The Rescue of Bessie

As this short narrative indicates, Mrs. Butler's moving story of her precious doll and the fire that destroyed Chicago found an eager family audience before she shared it with the world.

To fix a point for my earliest recollections, let me take the Chicago fire.

This story has been told and retold to generations of grandchildren who liked to hear it repeated. I was a very little girl, six years old; the youngest of the family and had been put to bed as usual early on that Sunday eve the 8th of October, 1871. Some unusual noise waked me and I found my big sister and brother gone from their beds, walking around fully dressed in the middle of the night.   Mother came at my call and to my pleasure said I might get up and dress for, as there was a great fire on the West Side which seemed to be coming in our direction[,] the sparks [were being] blown by a strong wind. Mother took me to the window to look at the brilliant sky where the blazing sky made it light enough to read by. All night long people came to our home for refuge, driven from their own homes[,] and all watched the progress of the flames.

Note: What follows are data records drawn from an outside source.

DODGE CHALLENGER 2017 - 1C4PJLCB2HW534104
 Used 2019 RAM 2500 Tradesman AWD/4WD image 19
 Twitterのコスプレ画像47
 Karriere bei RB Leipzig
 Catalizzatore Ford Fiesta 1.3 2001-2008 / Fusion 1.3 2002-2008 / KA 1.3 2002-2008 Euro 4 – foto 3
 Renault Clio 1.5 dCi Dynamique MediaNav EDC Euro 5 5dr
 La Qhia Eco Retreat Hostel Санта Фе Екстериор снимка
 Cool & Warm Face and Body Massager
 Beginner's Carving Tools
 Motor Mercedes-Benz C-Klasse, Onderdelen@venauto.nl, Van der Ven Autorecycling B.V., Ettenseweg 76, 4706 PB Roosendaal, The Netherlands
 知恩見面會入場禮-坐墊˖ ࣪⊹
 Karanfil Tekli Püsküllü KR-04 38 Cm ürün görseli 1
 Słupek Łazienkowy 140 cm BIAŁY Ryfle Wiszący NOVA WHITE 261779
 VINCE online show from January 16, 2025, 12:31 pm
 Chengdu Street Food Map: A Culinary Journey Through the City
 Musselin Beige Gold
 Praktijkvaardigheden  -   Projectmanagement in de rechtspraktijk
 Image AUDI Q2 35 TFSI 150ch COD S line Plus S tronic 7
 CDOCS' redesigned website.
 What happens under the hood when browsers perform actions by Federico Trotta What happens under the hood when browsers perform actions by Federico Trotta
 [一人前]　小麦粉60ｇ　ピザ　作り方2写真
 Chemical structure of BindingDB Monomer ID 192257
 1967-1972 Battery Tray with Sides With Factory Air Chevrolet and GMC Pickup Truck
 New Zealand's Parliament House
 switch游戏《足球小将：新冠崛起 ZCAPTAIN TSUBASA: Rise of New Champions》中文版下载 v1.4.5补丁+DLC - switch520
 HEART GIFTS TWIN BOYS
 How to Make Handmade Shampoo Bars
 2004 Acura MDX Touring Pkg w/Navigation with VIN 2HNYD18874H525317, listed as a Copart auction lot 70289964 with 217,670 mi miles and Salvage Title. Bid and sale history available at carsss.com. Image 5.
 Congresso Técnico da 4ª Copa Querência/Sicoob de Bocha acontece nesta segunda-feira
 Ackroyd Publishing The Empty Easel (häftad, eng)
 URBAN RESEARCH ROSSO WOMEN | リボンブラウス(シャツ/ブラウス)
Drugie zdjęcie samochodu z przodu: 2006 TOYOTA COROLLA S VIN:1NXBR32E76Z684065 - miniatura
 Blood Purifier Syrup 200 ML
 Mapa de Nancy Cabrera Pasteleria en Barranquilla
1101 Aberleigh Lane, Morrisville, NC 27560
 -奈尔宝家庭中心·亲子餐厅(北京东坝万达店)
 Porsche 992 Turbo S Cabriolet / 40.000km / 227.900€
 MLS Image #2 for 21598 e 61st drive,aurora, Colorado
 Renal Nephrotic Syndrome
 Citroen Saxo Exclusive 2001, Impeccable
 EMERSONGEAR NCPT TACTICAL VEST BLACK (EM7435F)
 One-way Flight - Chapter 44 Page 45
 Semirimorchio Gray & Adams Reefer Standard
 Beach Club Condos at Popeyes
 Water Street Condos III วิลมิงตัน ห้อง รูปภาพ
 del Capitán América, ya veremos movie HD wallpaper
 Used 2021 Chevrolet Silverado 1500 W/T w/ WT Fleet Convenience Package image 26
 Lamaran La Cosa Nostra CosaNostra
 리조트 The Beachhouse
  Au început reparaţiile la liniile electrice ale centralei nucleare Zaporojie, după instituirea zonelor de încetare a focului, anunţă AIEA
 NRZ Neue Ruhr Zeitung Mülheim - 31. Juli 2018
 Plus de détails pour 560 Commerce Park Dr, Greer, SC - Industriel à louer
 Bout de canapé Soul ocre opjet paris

Father and our house man helper were carrying the carpets up to the roof to soak there with water which would put out the sparks, when just then word came that the water works tower was burning and [there was] no more water. Father had a carriage and an [express] wagon waiting at the door and when morning came all of our personal belongings were loaded on the wagon[,] and Mother, my big sister and I got into the carriage ready to move; Father and my brother Stuyve on the wagon. At that moment I remembered my precious doll Bessie, had been left in the playroom and instan[t]ly I jumped out and ran back to the house where I picked up Bessie in her crib and carried both away in my arms.

So, we joined the long procession which was passing; mostly on foot, people carrying some special treasure in their arms (one woman had a pig) all bound Northwest.

At the entrance of what is now Lincoln Park we turned West; finally crossing a bridge over the river to the Northwest side which the fire never reached; burning itself out in the open unbuilt land of Lincoln Park.